There are few Marine Corps legends like that of Carlos Hathcock. If there’s a pantheon of Marine Corps gods somewhere, Hathcock is definitely among them. He served the Corps and his country for 20 years, including two tours as a sniper in Vietnam, where he racked up what was then the world record for confirmed kills at 93 – although he believed the actual number was somewhere around 300.
“Carlos just really believed in what he was doing out there. He was saving Marines; that’s how he really saw it. He was just doing his job, his duty. Now, Carlos is kind of a folk hero to a tremendous number of people,” his boss in Vietnam, retired Maj. Jim Land told Leatherneck Magazine in a 2010 profile.

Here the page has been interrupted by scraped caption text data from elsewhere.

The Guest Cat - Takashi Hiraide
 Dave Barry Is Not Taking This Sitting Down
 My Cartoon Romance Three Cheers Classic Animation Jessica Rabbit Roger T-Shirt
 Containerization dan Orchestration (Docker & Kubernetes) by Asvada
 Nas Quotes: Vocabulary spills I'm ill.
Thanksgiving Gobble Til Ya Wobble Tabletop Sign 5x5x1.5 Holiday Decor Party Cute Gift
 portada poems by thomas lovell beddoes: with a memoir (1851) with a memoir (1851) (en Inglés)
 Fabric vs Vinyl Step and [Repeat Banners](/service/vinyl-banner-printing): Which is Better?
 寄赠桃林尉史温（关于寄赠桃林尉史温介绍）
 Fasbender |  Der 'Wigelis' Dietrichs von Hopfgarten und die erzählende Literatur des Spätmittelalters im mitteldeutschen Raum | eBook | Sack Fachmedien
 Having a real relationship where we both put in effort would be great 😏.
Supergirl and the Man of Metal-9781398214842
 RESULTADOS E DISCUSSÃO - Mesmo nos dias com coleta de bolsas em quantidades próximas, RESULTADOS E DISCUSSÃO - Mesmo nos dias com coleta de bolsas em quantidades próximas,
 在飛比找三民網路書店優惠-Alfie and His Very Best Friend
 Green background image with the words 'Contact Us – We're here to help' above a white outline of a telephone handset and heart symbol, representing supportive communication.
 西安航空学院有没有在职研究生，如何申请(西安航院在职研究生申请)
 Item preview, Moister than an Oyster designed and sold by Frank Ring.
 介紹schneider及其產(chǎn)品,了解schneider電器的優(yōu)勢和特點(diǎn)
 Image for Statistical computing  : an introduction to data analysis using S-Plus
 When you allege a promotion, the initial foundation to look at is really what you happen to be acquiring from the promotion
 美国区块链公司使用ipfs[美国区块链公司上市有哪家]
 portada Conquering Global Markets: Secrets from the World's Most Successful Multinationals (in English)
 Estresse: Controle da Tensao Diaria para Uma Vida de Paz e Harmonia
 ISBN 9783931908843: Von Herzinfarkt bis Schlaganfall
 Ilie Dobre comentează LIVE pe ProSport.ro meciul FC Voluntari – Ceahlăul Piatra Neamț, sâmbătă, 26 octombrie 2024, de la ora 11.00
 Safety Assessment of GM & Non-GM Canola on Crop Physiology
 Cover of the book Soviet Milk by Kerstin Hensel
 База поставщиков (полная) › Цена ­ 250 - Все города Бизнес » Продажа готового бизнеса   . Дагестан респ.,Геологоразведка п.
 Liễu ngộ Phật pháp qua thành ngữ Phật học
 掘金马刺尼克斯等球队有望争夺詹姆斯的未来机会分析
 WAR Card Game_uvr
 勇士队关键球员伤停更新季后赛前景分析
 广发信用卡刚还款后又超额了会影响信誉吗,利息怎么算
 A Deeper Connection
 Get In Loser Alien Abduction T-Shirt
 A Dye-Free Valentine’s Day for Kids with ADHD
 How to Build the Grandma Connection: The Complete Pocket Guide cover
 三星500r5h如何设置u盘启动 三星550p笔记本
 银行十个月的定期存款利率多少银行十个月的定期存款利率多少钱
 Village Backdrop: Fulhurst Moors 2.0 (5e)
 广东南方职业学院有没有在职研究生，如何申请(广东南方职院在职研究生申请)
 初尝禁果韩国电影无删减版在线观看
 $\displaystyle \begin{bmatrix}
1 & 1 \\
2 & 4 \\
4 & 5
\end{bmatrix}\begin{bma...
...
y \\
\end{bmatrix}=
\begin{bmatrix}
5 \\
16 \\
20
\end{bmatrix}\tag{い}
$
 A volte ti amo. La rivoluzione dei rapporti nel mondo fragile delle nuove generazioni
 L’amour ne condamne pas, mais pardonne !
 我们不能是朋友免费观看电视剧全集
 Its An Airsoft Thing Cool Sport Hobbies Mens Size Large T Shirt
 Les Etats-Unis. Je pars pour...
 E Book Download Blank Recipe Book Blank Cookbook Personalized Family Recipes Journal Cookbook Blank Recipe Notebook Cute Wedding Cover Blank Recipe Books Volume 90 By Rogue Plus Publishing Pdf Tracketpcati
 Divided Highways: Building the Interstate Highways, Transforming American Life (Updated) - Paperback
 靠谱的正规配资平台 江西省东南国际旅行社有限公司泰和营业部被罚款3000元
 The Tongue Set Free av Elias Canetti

Born in Little Rock, Arkansas, in 1942, Hathcock taught himself to shoot as a young boy, just like his boyhood idols Alvin York and Audie Murphy. It was the foundation of what would become his lifelong dream: to join the United States Marine Corps. Little did he know, as he took aim and fired that first shot, that he would one day become the standard of service and brotherhood to which many future Marines would aspire.
In 1959, at the age of 17, Hathcock finally got the opportunity to fulfill that dream. He enlisted in the Marine Corps. The shooting and hunting he’d done all his life up to that point would serve him well in the coming years. As a boy, he hunted to feed his family. As a Marine, he would hunt to keep his fellow Marines safe – and he would leave behind a legacy of incredible stories.
The Deadly Precision of Gunnery Sgt. Carlos Hathcock
Hathcock first deployed to South Vietnam in 1966 as a military policeman but saw his best chance of surviving would be to go out in the bush on his own, where raw recruits new to the wilds wouldn’t get him killed. Already an expert marksman and a Wimbledon Cup winner in the 1965 long-range shooting competition, Hathcock volunteered for combat duty and trained to become a sniper. Between 1966 and 1967, Land’s team trained 600 snipers, including Hathcock.
Land’s only problem with Hathcock was the sniper spent way too much time out in the bush, stalking his prey.
“The thing that made him different in Vietnam wasn’t the marksmanship skill, but he just had this ability to totally integrate himself into the environment, and he noticed everything. He had a total awareness of his surroundings,” Land said. “We all developed an edge, but Carlos took it one step further. He was like a mountain man. He noticed every breeze, every insect.”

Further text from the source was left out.